Deep Neural Network Based Chinese Dialect Classification
Miao Wan,Jie Ren,Miao Ma,Zhiqiang Li,Rui Cao,Quanli Gao
DOI: https://doi.org/10.1109/CBD54617.2021.00043
2022-01-01
Abstract:With the recent advance of neural networks in audio speech recognition (ASR), Deep Neural Network Based ASR has been widely used in multiple application scenarios such as smart homes, intelligent customer service, meeting minutes, and real-time translation. However, due to the ethnic variety of China, the pronunciation for the same word is different, which is a big challenge to the speech recognition system, especially for Short Utterances.
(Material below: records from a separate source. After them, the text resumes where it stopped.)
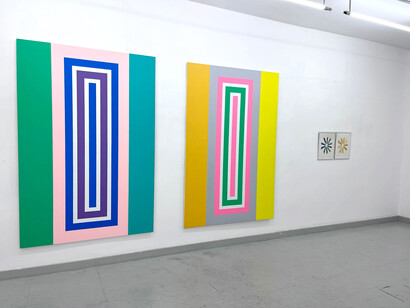 Varios artistas, Siete miradas, vista de exhibición. Cortesía de Galería Adora Calvo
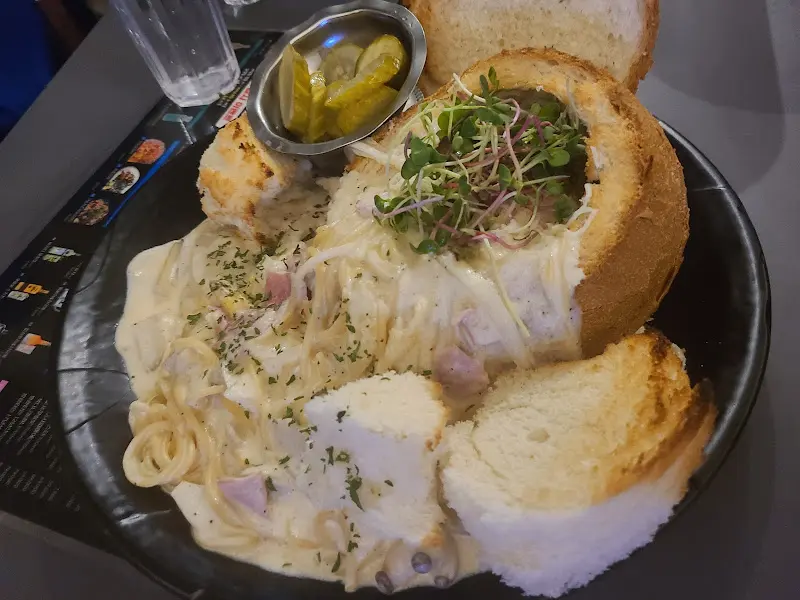 빵 속에 담긴 파스타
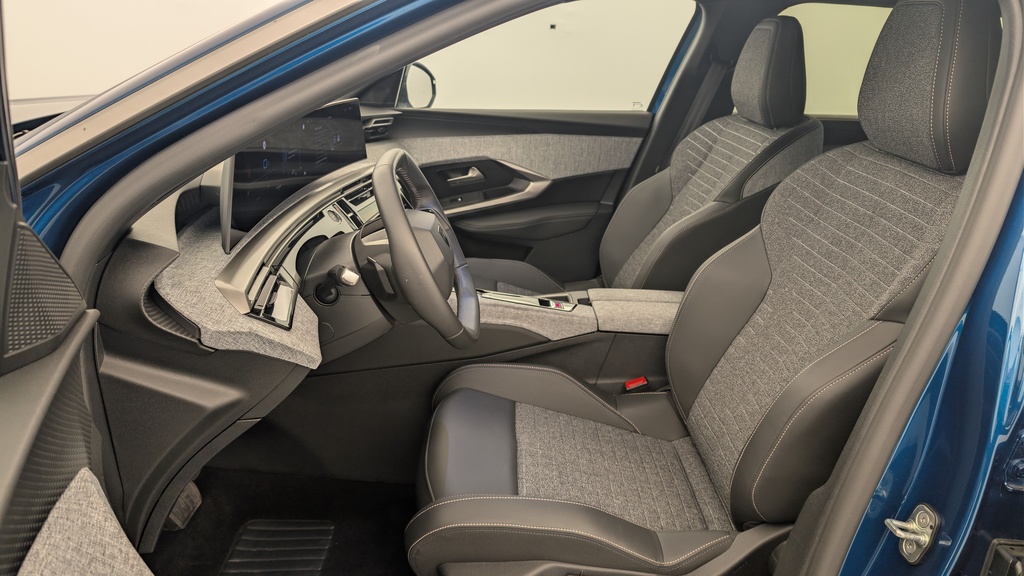 Peugeot 5008 HYBRID 145 CH E-DCS6 ALLURE
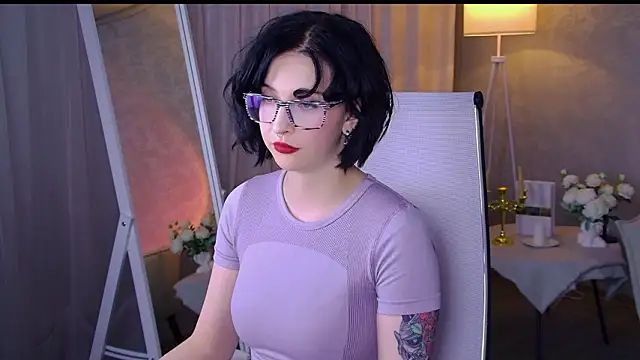 ElenaSomerhalder: онлайн-секс-чат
This paper analyzes three kinds of commonly used speech feature parameters: spectrogram, MFCC (Mel-scale Frequency Cepstral Coefficients), and Fbank (Filter bank) and builds the dialect classification model based on a deep neural network for a dataset of 10 dialects in China. In detail, we study the geographical features of dialects and propose a multi-task model that uses the area of the dialect as an auxiliary task and builds a hard parameter sharing based multi-task learning model. The results show that the performance of this model can achieve up to 79.96%. Furthermore, as the hard parameter sharing model cannot effectively learn the correlation between sub-tasks, we then propose a sparse parameter sharing based multitask learning model. The model uses joint training to automatically learn the correlation between sub-tasks, prune redundant networks, and share network parameters. The experiment results show that the sparse parameter sharing for the multi-task classification model achieves the best accuracy, with an average of 83.59%.